In the Nepalese hamlet of Simen, five days’ walk from the nearest town, children pay for schooling with wood or animal dung, and life appears untouched by modernity — but change is coming.
Just two valleys away in Dho Tarap village, business is booming and satellite dishes that beam in American wrestling are set up beside prayer flags as the high Himalayan landscape of Upper Dolpa opens up to the outside world.
The contrast between the two settlements points to the future for one of the highest inhabited regions on Earth, and local children like Pema Lama are likely to lead lives full of bewildering new experiences.
Pema’s parents cannot afford the 3,000-rupee ($35) charge for six months of schooling and, like most of their neighbours, send the children to classes with wood or yak dung which is weighed and accepted in lieu of cash.
“The school doesn’t have much money,” says his teacher Sonam Tsering, 26, over salty Tibetan tea prepared on a woodburning stove in the kitchen of Shree Tsering Dolma primary school.
“Students have to bring 50 kilograms (110 pounds) of firewood and if they can’t do that then many bring yak and horse dung.”
Upper Dolpa, a hidden land of deeply notched canyons and swollen rivers, is virtually sealed off from the rest of Nepal by passes more than 5,100 metres (17,000 feet) above sea level.
The region is marked by high peaks abutting the Tibetan plateau, with trails snaking along high cliffs for farmers and nomadic herders who take their shaggy, black yak south for winter grazing.
Small fields, planted with barley, buckwheat, potatoes and radish are cultivated, but yield is just enough food to sustain families.
Yak, sheep and goats provide milk, butter and meat, and the wool and hides are used for cloth and boots.
Most locals speak a Tibetan dialect called Dolpo, and the literacy rate is about 20 percent.
Pupils study just six months of the year due to the harsh winter, and in summer most also spend weeks with their parents on the hazardous task of harvesting yarchagumba, a wild fungus prized for its alleged aphrodisiac qualities.
Closed to trekkers until 1989, Upper Dolpa is ranked one of the worst places in the world for food security by the UN World Food Program (WFP), due to its inaccessibility and harsh terrain.
But, a few days’ walk away, in Dho Tarap village the pleasures and problems of 21st century living are clearly in evidence.

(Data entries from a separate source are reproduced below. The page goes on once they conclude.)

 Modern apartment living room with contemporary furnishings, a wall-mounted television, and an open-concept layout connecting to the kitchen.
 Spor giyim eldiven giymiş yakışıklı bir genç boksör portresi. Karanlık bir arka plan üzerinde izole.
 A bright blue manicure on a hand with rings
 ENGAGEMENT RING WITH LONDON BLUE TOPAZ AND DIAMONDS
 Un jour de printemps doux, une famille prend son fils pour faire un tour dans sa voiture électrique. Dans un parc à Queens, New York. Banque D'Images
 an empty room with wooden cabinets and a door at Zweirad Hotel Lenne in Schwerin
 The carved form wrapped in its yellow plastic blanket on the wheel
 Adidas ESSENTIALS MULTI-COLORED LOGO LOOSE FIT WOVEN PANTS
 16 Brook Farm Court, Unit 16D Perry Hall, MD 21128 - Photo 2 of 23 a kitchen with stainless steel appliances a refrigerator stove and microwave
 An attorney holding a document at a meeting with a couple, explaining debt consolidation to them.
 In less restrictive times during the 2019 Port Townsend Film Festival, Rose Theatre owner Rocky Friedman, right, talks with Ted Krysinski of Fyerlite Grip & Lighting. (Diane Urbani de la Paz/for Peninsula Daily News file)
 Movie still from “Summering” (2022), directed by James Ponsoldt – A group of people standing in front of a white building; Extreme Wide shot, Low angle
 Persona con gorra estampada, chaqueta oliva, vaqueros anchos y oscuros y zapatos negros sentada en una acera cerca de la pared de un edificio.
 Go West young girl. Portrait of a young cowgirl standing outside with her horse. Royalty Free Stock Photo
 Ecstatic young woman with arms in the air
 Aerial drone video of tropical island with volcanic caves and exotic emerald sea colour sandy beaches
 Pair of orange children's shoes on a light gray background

In the comfortable Caravan Guest House, one of a number of hotels springing up in what some claim is “the world’s highest village”, Jyampa Lama, 42, watches his new flatscreen TV.
He moved to the village, 4,200 metres (13,780 feet) above sea level, 18 years ago to cash in on the nascent trekking trade and increasing number of yarchagumba harvesters passing through the village.
“There are 252 houses here now and maybe five to 10 have televisions. Most people still don’t know what is happening in the outside world, or even inside the country. But that is changing,” he said.
“A new generation is now going to school, learning Nepali with the help of international donors and learning to keep in touch with the outside world.”
Lama said since he bought his television he had been able to keep up with domestic and world news and had been able to invite friends around to watch English Premier League football and WWE Wrestlemania — a particular favourite.
Upper Dolpa is expected to benefit financially from a further opening up to Western culture with the new Great Himalayan Trail, one of the longest and highest trekking routes in the world, passing right through the region.
SNV, the Dutch development organisation behind the trail, is training locals in villages across its 1,700-kilometre (1,050-mile) stretch to provide services for trekkers and to offer a better selection of cuisine and Western toilets.
But the tourist dollar brings with it dangers of its own, according to Amchi Namgayal Rinpoche, 44, a senior Tibetan lama who has spent his life in Dho Tarap.
“People have a bit of money now and craftsmanship is slowly disappearing. They used to craft thanka paintings here and even make their own shoes,” he said.
“Tourists come in with flashy clothes and shoes and, if people have money, they want the same. When people have money, there is always something to want.”
Television, he says, is a mixed blessing as the images of Western culture can be corrupting.
“It’s OK to see the outside world,” said the monk, who watches Nepali programmes on his own television.
“But our people need to retain their culture and take the good examples from the outside world, not the bad ones.”